Valnai metro station is a station of Mumbai metro. The station is located in an elevated position on New Link Road in West Mumbai. It serves as a station on Mumbai metro line 2A. The station will be inaugurated on January 19, 2023.

The station is owned by the Mumbai Metropolitan Region Development Authority.

History 
Valnai metro station was announced to be built in the second package of line 2A. J. Kumar Infraprojects was awarded the construction work contract for both packages of line 2A in June 2016. The cost of package was estimated at ₹700 crore each. J. Kumar Infraprojects bid below the reserve price. As per the agreement, the company started the construction of Valnai metro station along with the elevated viaducts and other stations of the second package.

Station

structure 
Valnai metro station is an elevated metro station on line 2A of the Mumbai metro.
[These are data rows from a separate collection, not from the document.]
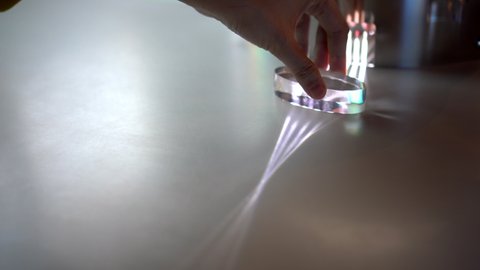 Hand spinning oval clear prism to distort light 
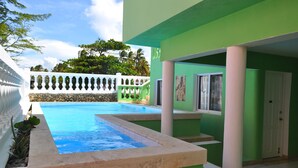Une piscine entourée d’une clôture blanche, avec des murs verts et une porte.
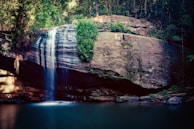 A serene waterfall cascades gently over a large, rugged rock formation surrounded by lush greenery. The water flows into a calm, reflective pool below, creating a tranquil natural scene.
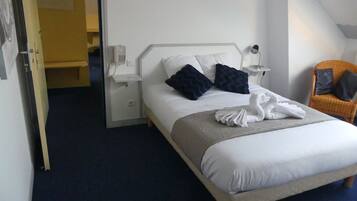 A neatly made bed with white linens and two dark pillows, a bedside table with a lamp, and a chair with a cushion.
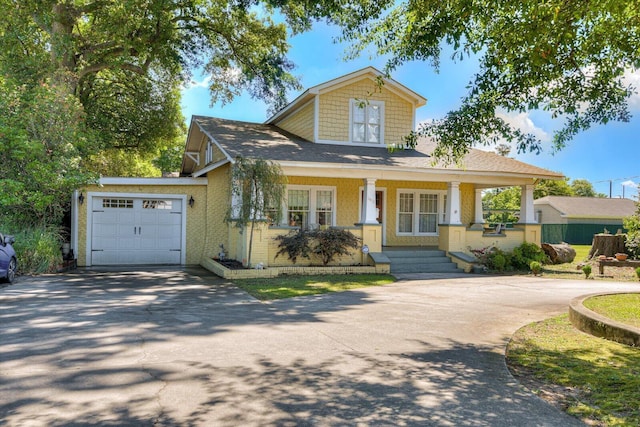 view of front facade with a porch and a garage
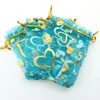 7x9cm bleu clair coeur bronzant Organza bijoux sacs populaires pas cher pochettes en Organza thé sac de rangement 500 pcs/lot en gros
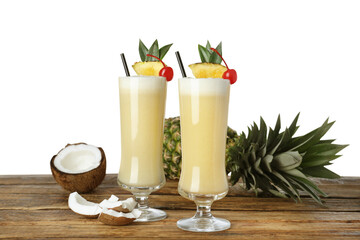 Tasty Pina Colada cocktail and ingredients on wooden table against white background
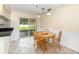 Dining area featuring wood table, tile flooring, and sliding door access to patio at 916 Glendale St, Orlando, FL 32807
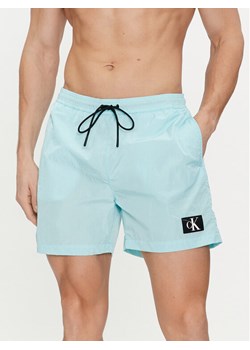 Calvin Klein Swimwear Szorty kąpielowe KM0KM00980 Niebieski Regular Fit ze sklepu MODIVO w kategorii Kąpielówki - zdjęcie 181147747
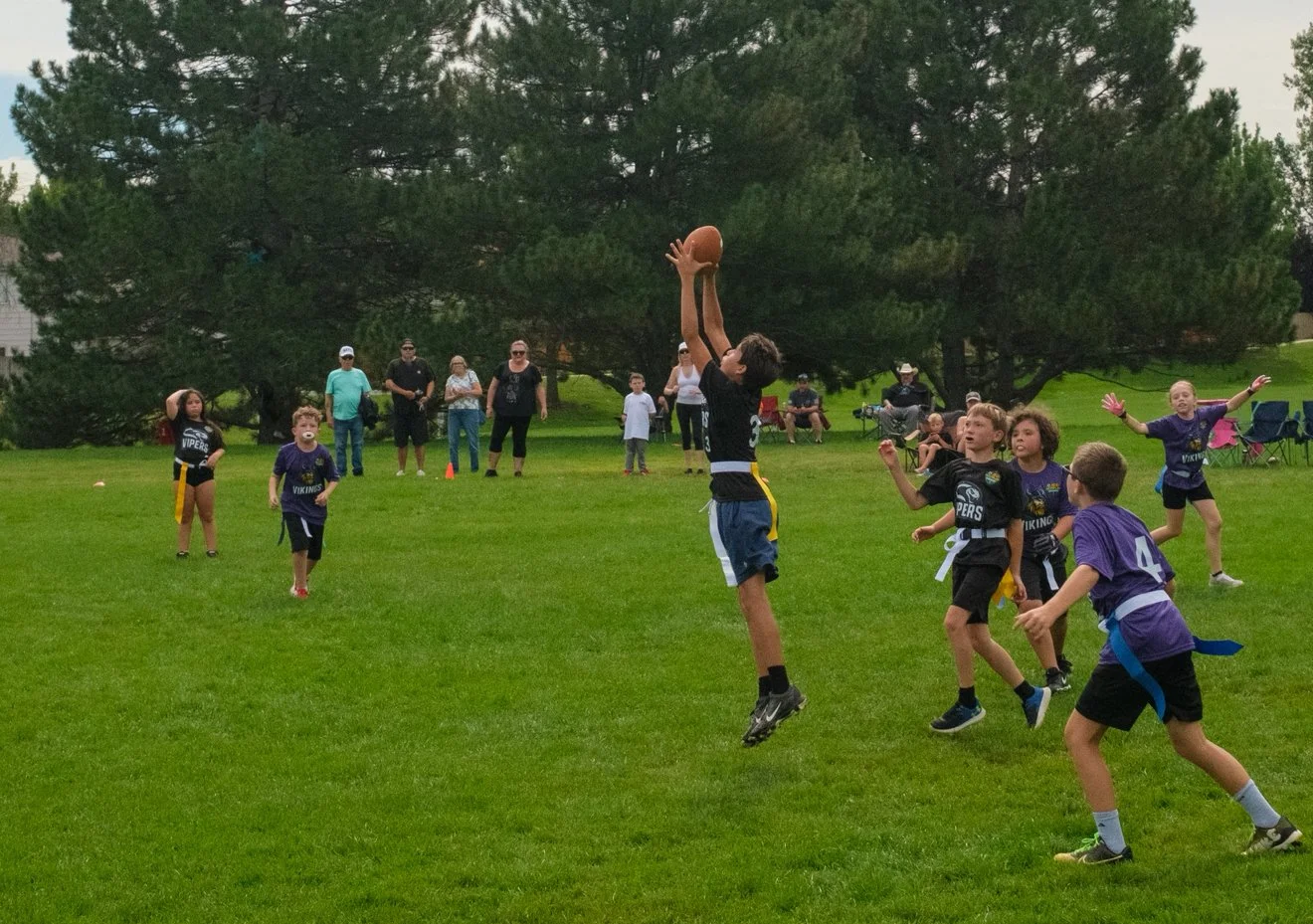 BestPlay Sports 11 to 13 year old boy catching a ball during the flag football league in Broomfield/Westminster, Colorado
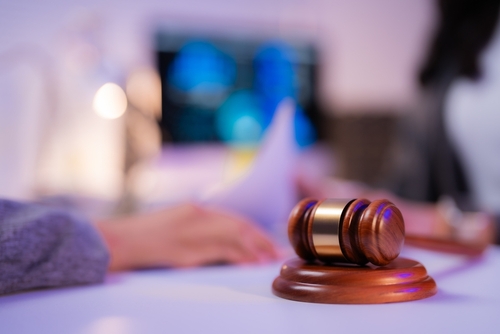 A personal injury lawyer at a table and a gavel helping a victim through a negligence in personal injury claim for a settlement.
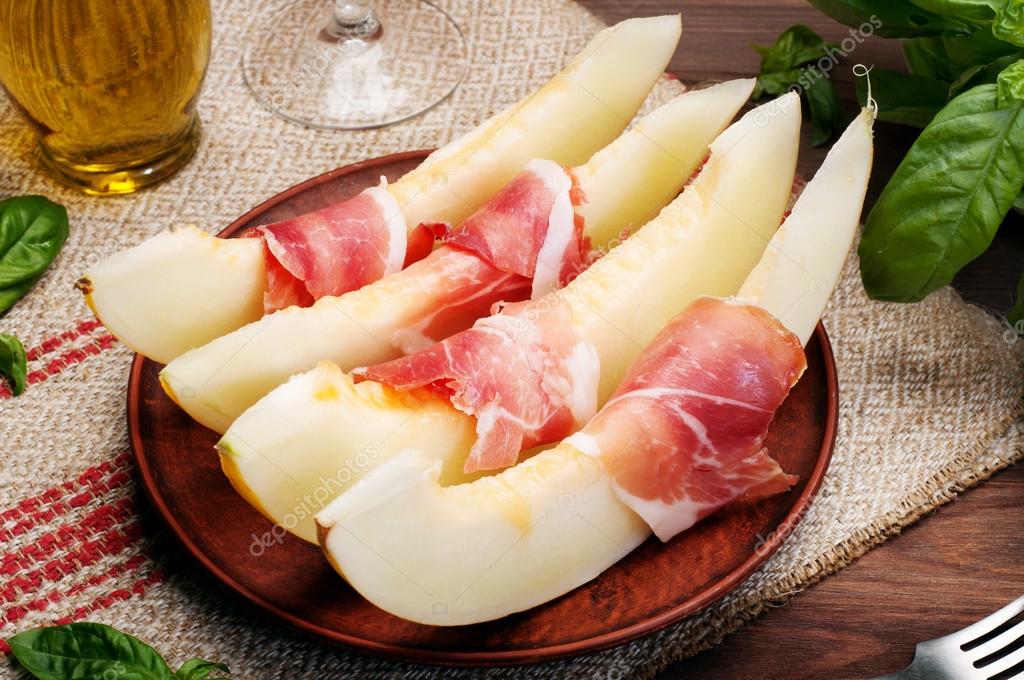 Classical Spanish appetizer with melon and jamon. Tapas. Refined and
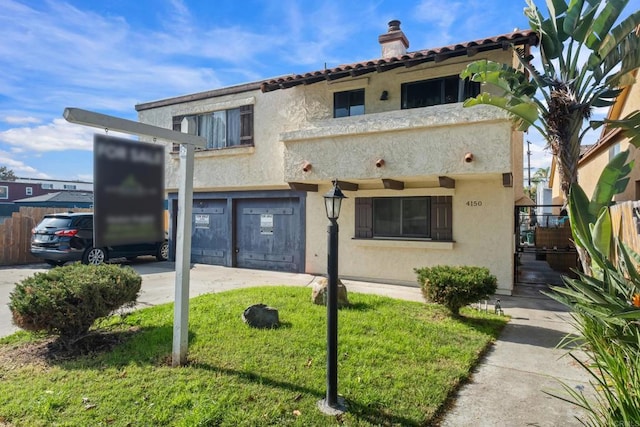 mediterranean / spanish-style home with stucco siding, a chimney, a garage, and fence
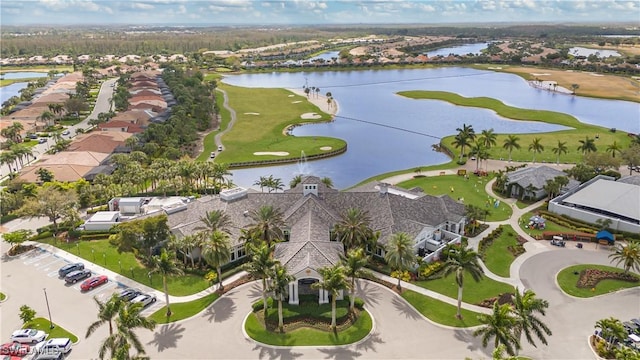 bird's eye view featuring a water view, view of golf course, and a residential view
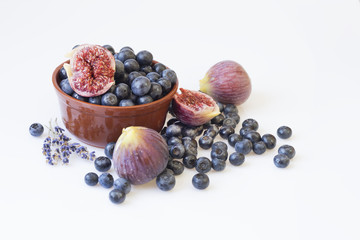 Fresh blueberries and figs in pottery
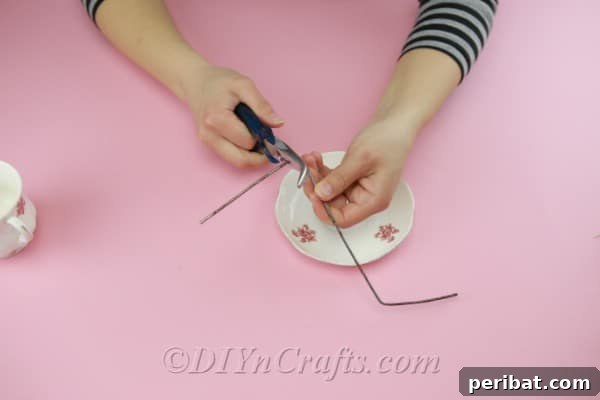 Craft a Magical Floating Teacup Ornament 7 Illustrating the process of folding the wire into a 'Z' shape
The station has total 3 levels. Station entrances and exits begin or end at the first level or ground level. The second level or mezzanine level houses the station's fare control center, station agents, metro card vending machines, crossovers etc. The third level or final level contains the platforms and rail tracks.

Platform 
Valnai metro station has 2 side platforms. The side platforms are connected to each other through the second level or mezzanine level of the stations.

Power and Signaling System 
Like all other stations and railways of Mumbai metro, Valnai station also uses 25,000 volt AC power system by overhead catenary to operate the trains.